Nous développerons dans ce blog ces différents sujets. 

samedi 28 juin 2008

Amiens : la cathédrale protégée


La cathédrale d'Amiens est un des chefs d'oeuvre de l'art gothique du XIIIème siècle. Néanmoins elle a failli disparaître à deux reprises au cours du siècle dernier. Durant la Première Guerre mondiale, elle échappa in extremis aux tirs d'obus de la "Grosse Bertha" (grâce à l'intervention du Vatican auprès de Guillaume II). Dans la nuit du 20 au 21 mai 1940, la ville d'Amiens fut rasée mais la cathédrale, cible pourtant inratable, demeura mystérieusement intacte, comme le montrent les photos ci-dessous. Les protections des trésors qu'elle renfermait s'avérèrent inutiles.
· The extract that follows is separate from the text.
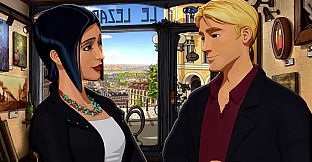 Broken Sword 5 - the Serpent’s Curse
Un des pilotes allemands déclara : " Nous avions dans notre point de mire la cathédrale. J'ai fait tomber mes bombes sur cet édifice et je me suis aperçu que celles-ci étaient déviées de leur trajectoire initiale, comme si une main mystérieuse les détournait. " Comment cela a-t-il pu se produire ?
La réponse vous sera donnée par Jean Macrez (ci-dessous devant l'ange pleureur), maître des cérémonies de Notre-Dame d'Amiens depuis plus de cinquante ans. Chaque jour à 15h30, il organise une visite très originale des stalles de la cathédrale que je vous recommande ardemment. Il connaît la cathédrale et son histoire mieux que quiconque. Cet homme admirable à la voix chantante et à l'humour corrosif détonne dans cet édifice. Il se présente comme la "dernière gargouille vivante" et on ne peut qu'être d'accord tant il est habité par des valeurs qui ont aujourd'hui disparu.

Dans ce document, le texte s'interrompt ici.